As for whether locals will mount some kind of major offensive against the Jazz & Heritage Foundation, that's not happening, either. What contributed to the rise of Mardi Gras as an economic engine applies to JazzFest - if you can't entirely join in in one way, you go off and do your own thing. This is a creative city at heart, and people are more likely to bring back any energies they could spend grumbling over past JazzFests into other sorts of fun. It wells up in other organized mini-festivals like ChazFest and Noizefest, in craft tables & performances at places near the Fair Grounds like Liuzza's By The Track, and it resides in the collective ability so many have around here to gather some folks together and serve up a good time just absorbing the atmosphere around the track.

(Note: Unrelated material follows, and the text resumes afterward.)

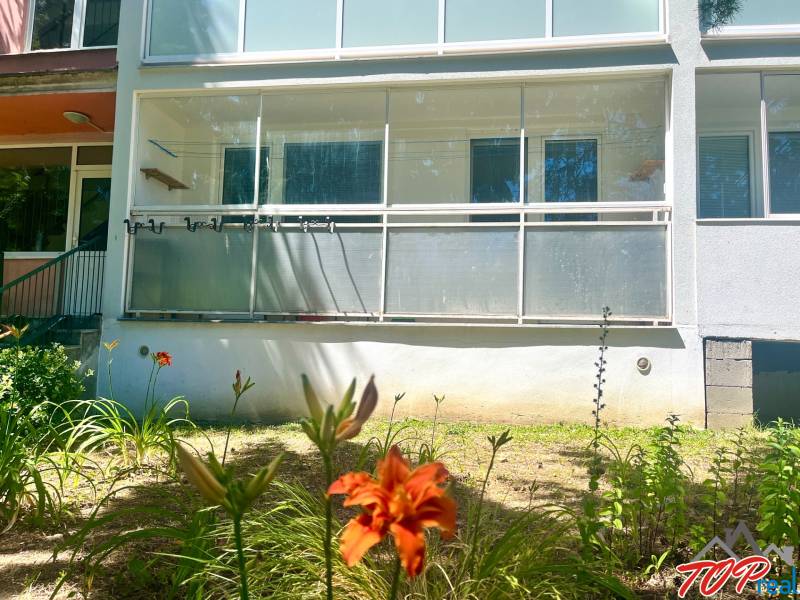 Balkon ve městě Košice, městská část Staré Město, na ulici Kapitána Nálepku.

There's no sound-proof barrier around the place yet that I know of.

Hence my answer to him...

"Well, Dad, people around here will make their own fun. If they're kept out of JazzFest by the prices, they're more likely to turn around and do something else that's just as good, if not better, without spending that money."

Pause.

"I guess you're right." he said in a low voice.

Update, 9:11 PM: Thanks to ale{atori}c, we've got a clear graph as to how much JazzFest prices have jumped. Sure, they ran at an embarrassing financial loss for quite a while (hippie-esque vs. capitalist origins rearing their head? The specter of George Wein, a founder of Newport Folk, lingering over it?), but there probably should be a locals discount to keep some sort of goodwill going...unless the argument is that picking up tickets from the Ticketmaster at the Superdome ahead of time is locals' discount enough. In which case...fine. Locals keep voting with our dollars.